The Utes’ tight-end usage makes them fairly unusual, and it pairs with a rushing attack that should have Oregon on alert this weekend.

[Editor’s note: This story was published before Utah’s 38–7 victory over Oregon on Saturday.]

Oregon fancies itself the bully of the Pac-12, with former offensive lineman Mario Cristobal attempting to recruit an SEC team to the Pacific Northwest. But standing in the way of the Ducks achieving both a conference title and playoff berth are a couple of things.

One is Oregon State on rivalry weekend. But more pressingly is not just one, but probably two dates with the resurgent Utah Utes. The No. 3 Ducks will get them once in Salt Lake City on Saturday and could get them again in Las Vegas for the Pac-12 crown if both teams can win their divisions. Speaking of Vegas, the Ducks are three-point road underdogs against the Utes despite being No. 3 in the College Football Playoff rankings. There may just be something to Utah as a spoiler.

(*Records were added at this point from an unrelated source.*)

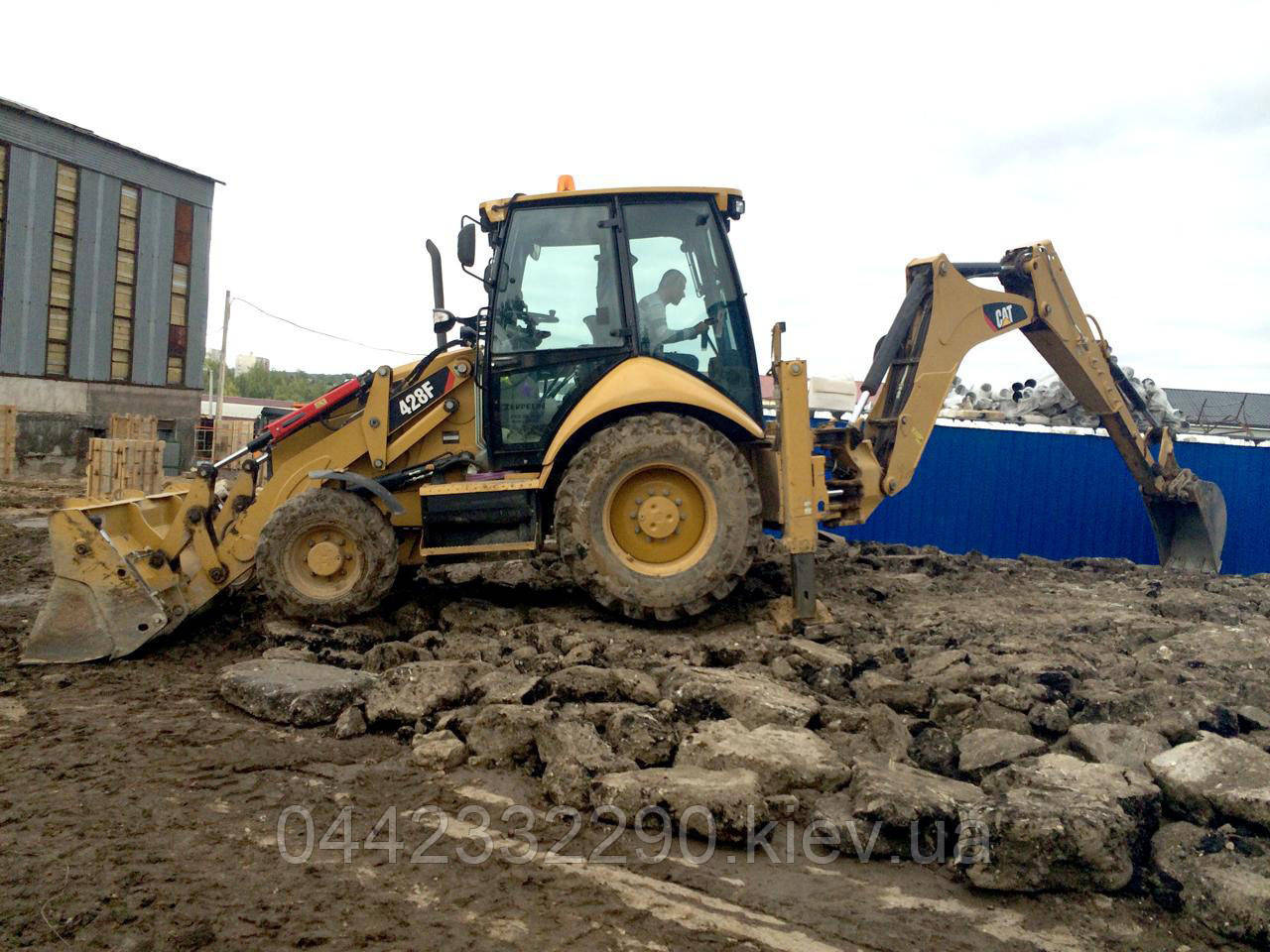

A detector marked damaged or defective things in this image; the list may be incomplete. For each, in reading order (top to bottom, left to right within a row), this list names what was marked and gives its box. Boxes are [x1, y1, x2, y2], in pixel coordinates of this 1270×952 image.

broken concrete chunk [219, 662, 377, 730]
broken concrete chunk [365, 662, 494, 722]
broken concrete chunk [659, 666, 818, 726]
broken concrete chunk [413, 734, 466, 770]
broken concrete chunk [607, 706, 679, 766]
broken concrete chunk [591, 766, 770, 841]
broken concrete chunk [675, 722, 853, 797]
broken concrete chunk [956, 730, 1048, 774]
broken concrete chunk [956, 785, 1135, 889]
broken concrete chunk [1064, 726, 1167, 777]
broken concrete chunk [1143, 730, 1270, 833]
broken concrete chunk [1151, 821, 1270, 948]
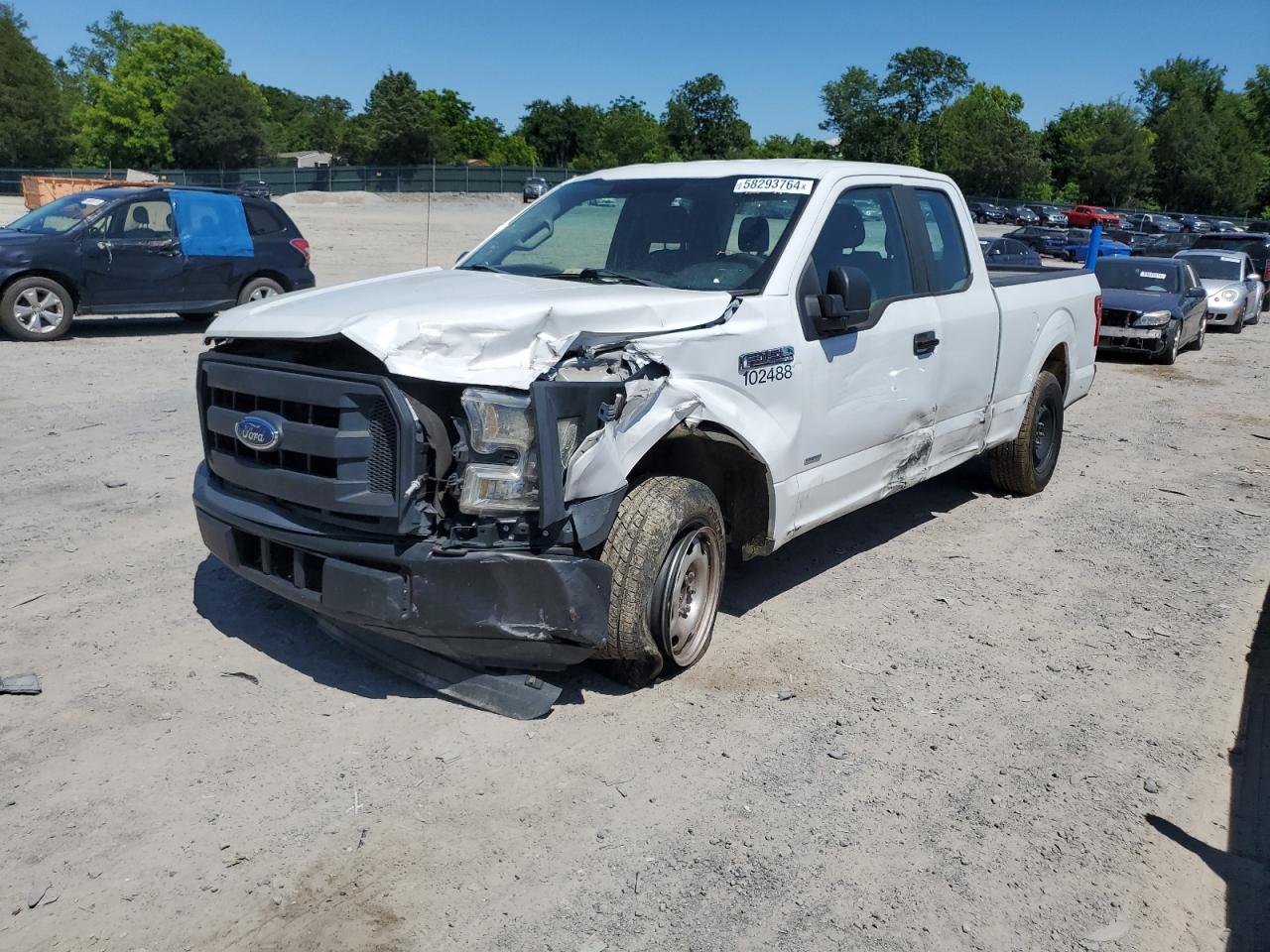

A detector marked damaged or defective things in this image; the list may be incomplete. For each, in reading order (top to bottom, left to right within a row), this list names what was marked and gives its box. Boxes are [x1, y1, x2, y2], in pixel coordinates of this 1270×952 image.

crumpled hood [203, 268, 730, 387]
broken headlight [460, 387, 540, 512]
damaged bumper [194, 462, 615, 678]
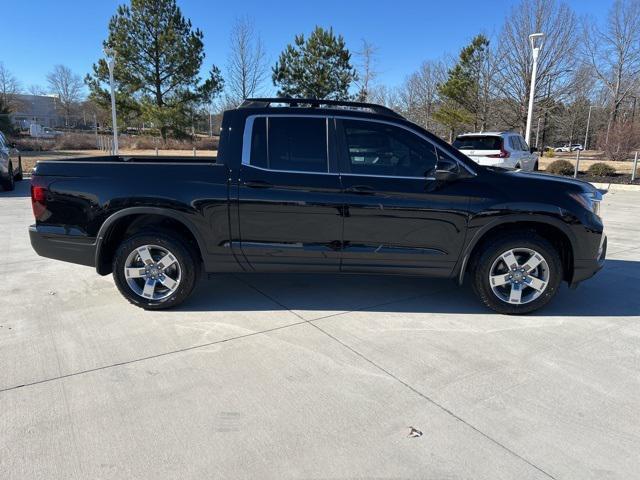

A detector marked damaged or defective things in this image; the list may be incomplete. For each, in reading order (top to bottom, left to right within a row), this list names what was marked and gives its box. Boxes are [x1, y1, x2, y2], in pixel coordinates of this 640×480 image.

pavement crack [310, 318, 560, 480]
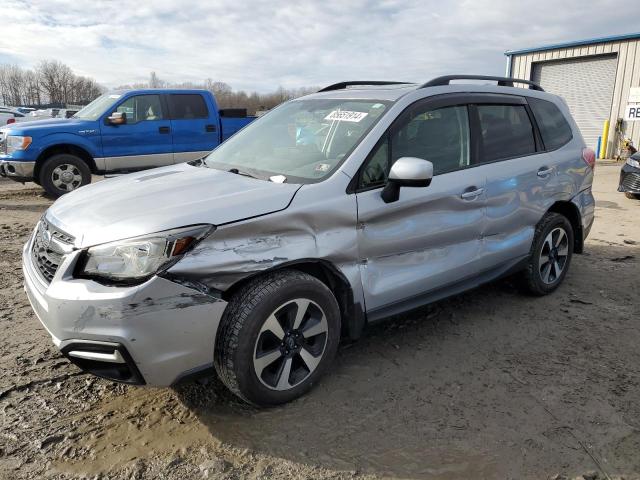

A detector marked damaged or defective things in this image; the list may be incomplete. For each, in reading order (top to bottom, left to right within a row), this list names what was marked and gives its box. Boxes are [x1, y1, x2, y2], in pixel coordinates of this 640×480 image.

front bumper damage [21, 229, 228, 386]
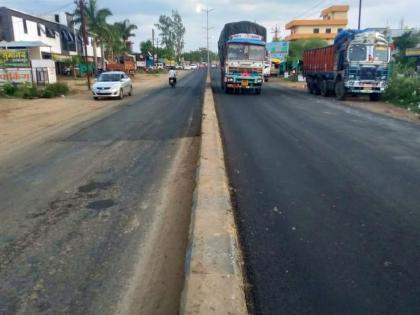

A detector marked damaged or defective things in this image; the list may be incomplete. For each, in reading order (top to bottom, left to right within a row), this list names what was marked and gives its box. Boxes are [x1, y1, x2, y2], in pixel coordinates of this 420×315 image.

old cracked road [0, 70, 207, 314]
old cracked road [212, 70, 420, 314]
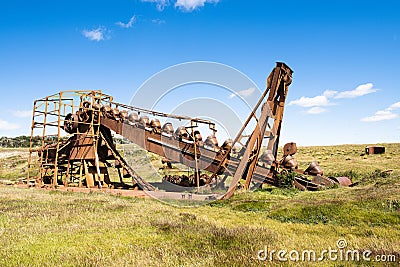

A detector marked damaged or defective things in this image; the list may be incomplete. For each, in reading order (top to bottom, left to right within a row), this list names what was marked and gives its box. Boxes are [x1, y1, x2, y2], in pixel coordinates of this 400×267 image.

rusty mining machine [26, 63, 350, 201]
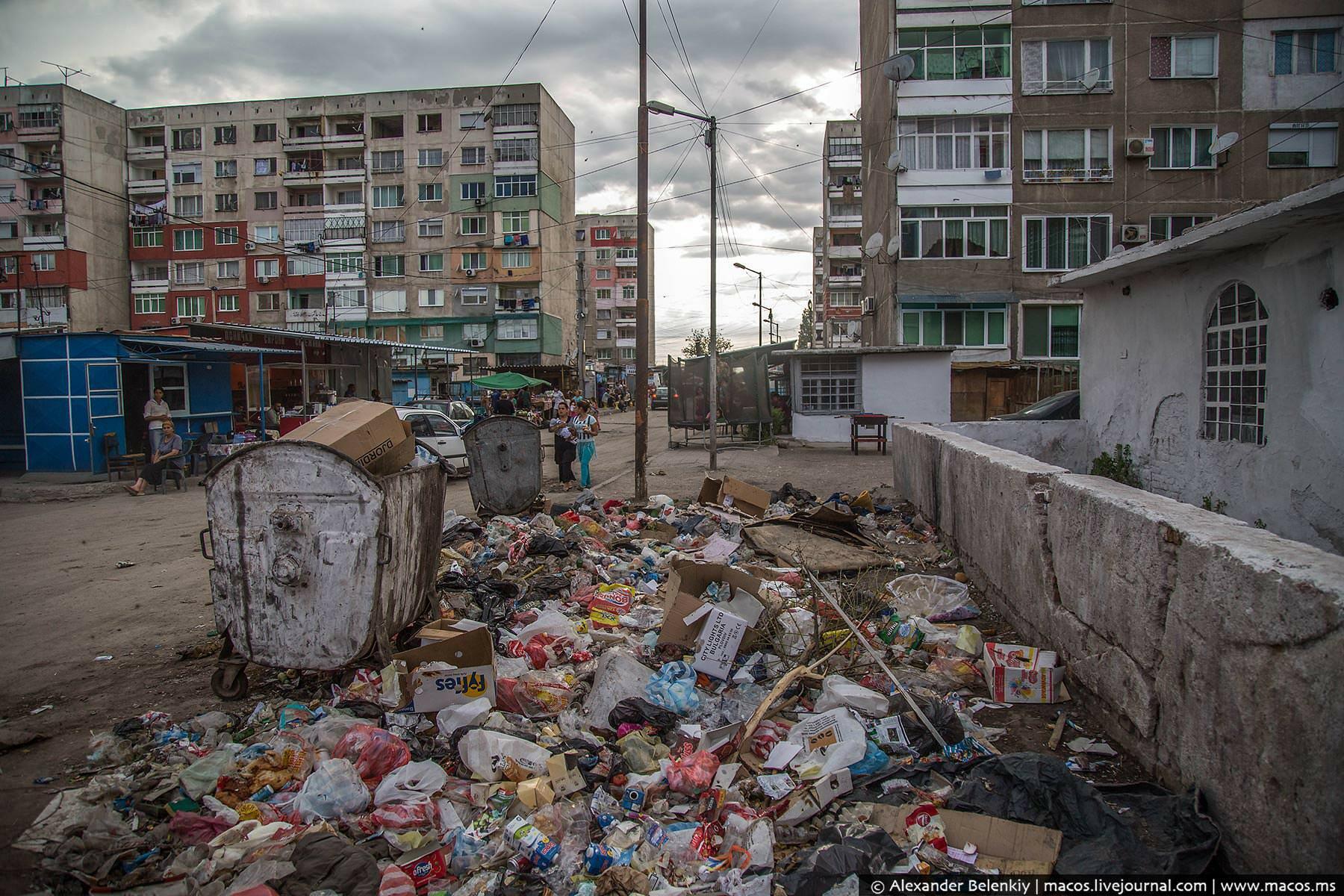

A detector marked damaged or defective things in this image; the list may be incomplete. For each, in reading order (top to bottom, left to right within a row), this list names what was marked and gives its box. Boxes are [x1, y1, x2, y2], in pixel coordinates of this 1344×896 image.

rusty metal container [197, 441, 446, 698]
cracked concrete wall [892, 424, 1344, 870]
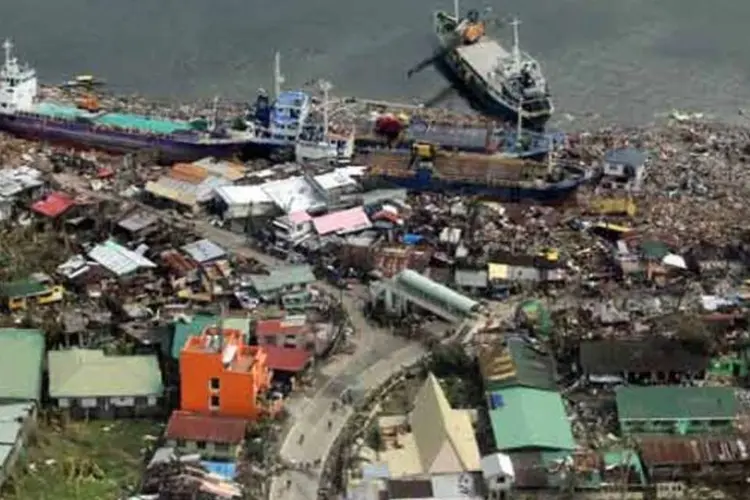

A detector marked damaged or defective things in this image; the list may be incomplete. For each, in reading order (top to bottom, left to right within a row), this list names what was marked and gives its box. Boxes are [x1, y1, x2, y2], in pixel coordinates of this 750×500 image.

Utah's Tavion Thomas runs with the ball vs. Stanford

If you left the Utes for dead early in the season during their Week 5 bye after a 2–2 start with only one FBS win, it shouldn’t be held against you. Utah’s defense was decent, but its offense was pretty dreadful, scoring only 17 points in regulation against each of BYU, San Diego State and Washington State. Sophomore Cameron Rising took over at quarterback for Charlie Brewer, and since that bye week, the Utes have been difficult for basically every opponent to stop, going 5–1 in their last six games. The offensive line has been shaken up as the team tried to find a combo that worked. A position of strength coming into the season took a little bit to click, but now that is has, the Utes have not looked back.

Utah is not like the high-flying outfits that light up scoreboards in the Pac-12. Instead, it matriculates the ball down the field with slobberknocker football. Utah is fifth in the country in rushing plays of 10 or more yards and 98th in passing plays of 20 or more yards. This starts to make sense when you consider Utah is 81st in intended air yards (total air yards of passes thrown). This is not an offense that’s terribly interested in attacking with a vertical passing game. Instead, the Utes’ explosive plays come on the ground, and they are devastatingly efficient. Since their bye week, they’re second in offensive expected points added, and overall this season they’re 12th in success rate.

What they do generate in the passing game is largely due to their tight-end usage. Two of Utah’s top-three receivers are tight ends Brant Kuithe (No. 80) and Dalton Kincaid (No. 86), who have 36 and 24 catches, respectively. Neither is a classic in-line tight end—more of the hybrid variety—and both spend a healthy amount of time lined up in the slot or out wide (although “wide” in Utah’s offense is relative given that the Utes often line up in condensed formations).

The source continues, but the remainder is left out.